A lively room with diverse students engaged in collaborative group work around tables, using laptops for Data Viz Day.

When Rakesh Ravi, M.S. in Data Science student, was working as a data analyst in digital marketing, he often wondered about the impact of his work.

“You get involved in the numbers, the analytics, in solving a problem, and you lose sight of the effects of your work on actual people,” he says. “One of the most important concepts a data scientist has to grasp is an understanding of your impact on the world around you – an algorithm can’t do that.”       

Data science plays a crucial role in today’s world and, as data-driven technologies find application in virtually all aspects of contemporary life, data scientists must consider what effects their work has and should have. How does data science relate to issues of privacy, bias, discrimination, and inequality? What new ethical problems emerge from artificial intelligence and algorithmic decision-making? How might values of justice, care and the good life guide responses to these pressing issues?

Ravi and his fellow M.S. in Data Science students at the School of Data Science are immersed in the mechanics of data science – machine learning, natural language processing, data integration and engineering. Crucially, they are also studying an equally important aspect of the field – data science ethics and justice.  

“It’s important that among all of our more technical classes, there are courses close to the humanities that allow us to think about the impact of data science in the real world, beyond just innovation,” says MSDS ‘19 student Shaoran Li, who worked as a business intelligence analyst in the financial industry prior to joining the MSDS program.

“A lot of us math heads put priority in learning new skills and in technical, hands-on work for careers,” she says. “Having an understanding of data ethics will also be really useful for us in future work environments when discussions arise around how our data are collected, managed, analyzed and archived.

“You can be ethically responsible and generate a profit – it is a choice you can make.”

The Ethics of Big Data course that is part of the MSDS curriculum at SDS argues that these questions lack simple and ready-made answers. It advocates that data ethics and justice is an ongoing process at all stages of data production, dissemination and use and necessarily involves risk and uncertainty with which data practitioners ought to concern themselves. Dr. Samuel Lengen, who teaches the course and works with the DSI Center for Data Ethics and Justice, has a background in social science.

“While I have done extensive research on the ethics of digital technologies, teaching aspiring data scientists was a novel experience for me,” he says. “It was my great pleasure to witness just how willing our Master’s students are to engage tough questions, consider the potential harm of data applications, and try to imagine a data science that can help to make the world a better place for all.”

The Center for Data Ethics and Justice, led by UVA Department of Anthropology professor Dr. Jarrett Zigon, strives to bring a social science and humanities perspective to data science at the DSI. In class, this means getting students to ask questions about the social, economic, and political complexities into which data science intervenes.
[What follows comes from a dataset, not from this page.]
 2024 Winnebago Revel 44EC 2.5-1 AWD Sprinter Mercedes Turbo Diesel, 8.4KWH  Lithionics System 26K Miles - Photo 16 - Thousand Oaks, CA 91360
“For students, I admit, embarking on this journey can be challenging at first,” Lengen says. “When I asked my students to answer a set of questions about the data used in their capstone projects—such as who collected their data, what data was collected, why that data was collected, who it was collected from—they made the somewhat uncomfortable discovery that their knowledge was limited and that under the surface of these deceptively simple questions lay unknown worlds with complicated ethical implications.”
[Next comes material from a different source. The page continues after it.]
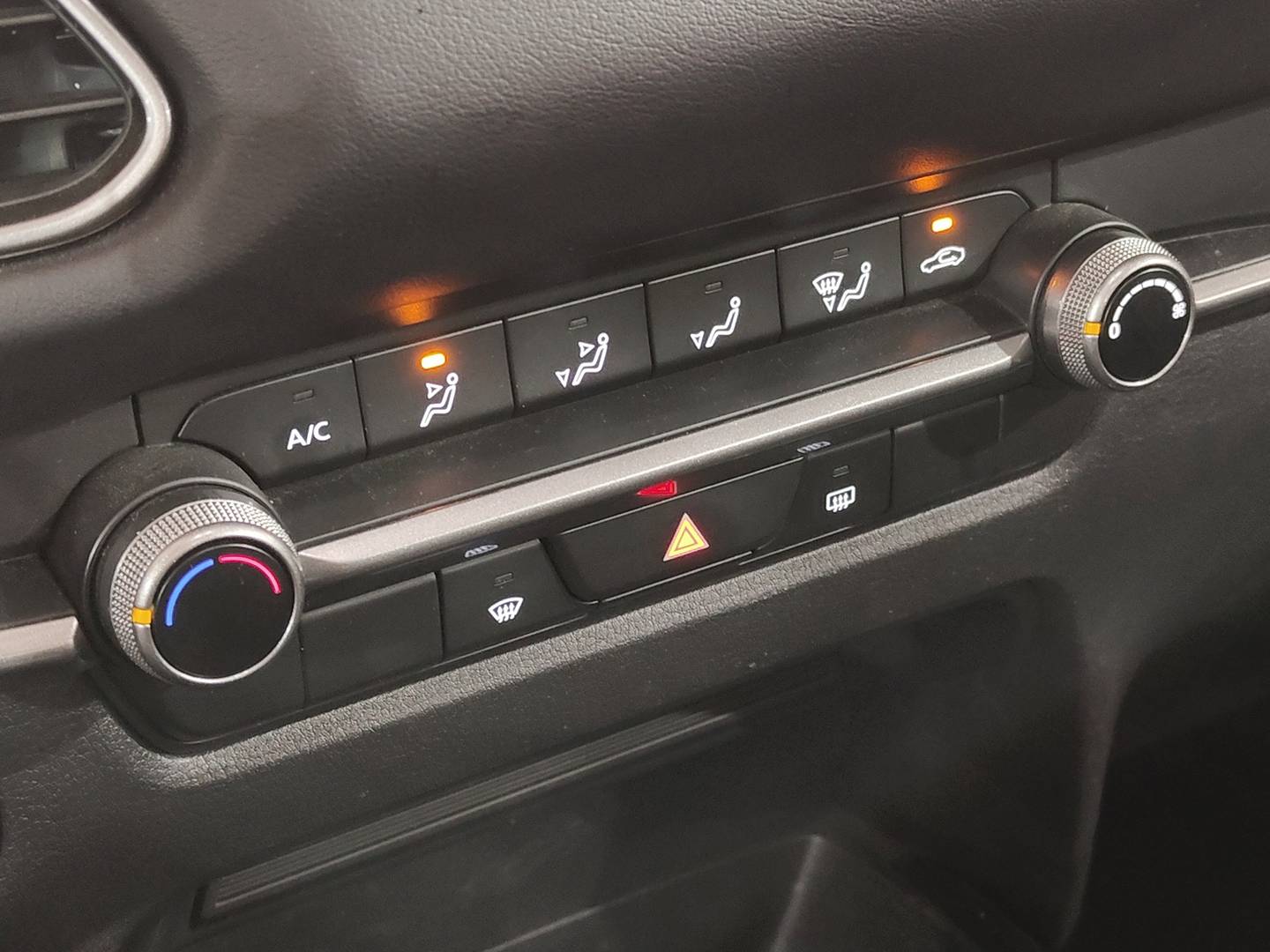 Foto Mazda CX-30 Mazda CX-30 e-SKY G MHEV Prime-line (140 CV)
This recognition—that having a lot of data is not the same as knowing it—is important. One of the first demands of the ethics course, therefore, is that students try to get to know their data.
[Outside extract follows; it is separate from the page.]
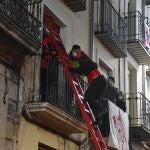 Los pajes reales utilizan las escaleras rojas para llegar a los balcones y repartir los regalos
“I encourage students to think about the perspectives, ambitions and assumptions that made the production of their data possible as well as consider those that were left out. Ideally, what comes out of this engagement, is the realization that data sets contain histories, biases, or inequalities that have consequences—not just for their work but also for the lives of others.

“It is therefore crucial that data science students learn to interrogate their own intentions, views, and preconceptions by placing them in conversation with others,” Lengen says.

The need for such a data ethics is clear. Recent scandals involving Cambridge Analytica and Facebook have made evident that existing conventions and rules around issues of data privacy, surveillance, and manipulation are insufficient in the digital age. There is growing recognition that the world needs data scientists who are able to think proactively and creatively through the systemic ethical issues raised by data and who are willing to face complex ethical problems to envision a better future.

By making data ethics a mandatory part of the curriculum, the DSI recognizes the need for a new generation of critical data scientists.

“Choosing problems is as important as solving them,” Ravi says. “A lot of us want to leave the world a better place than we found it.”

This story was co-written with Dr. Samuel Lengen.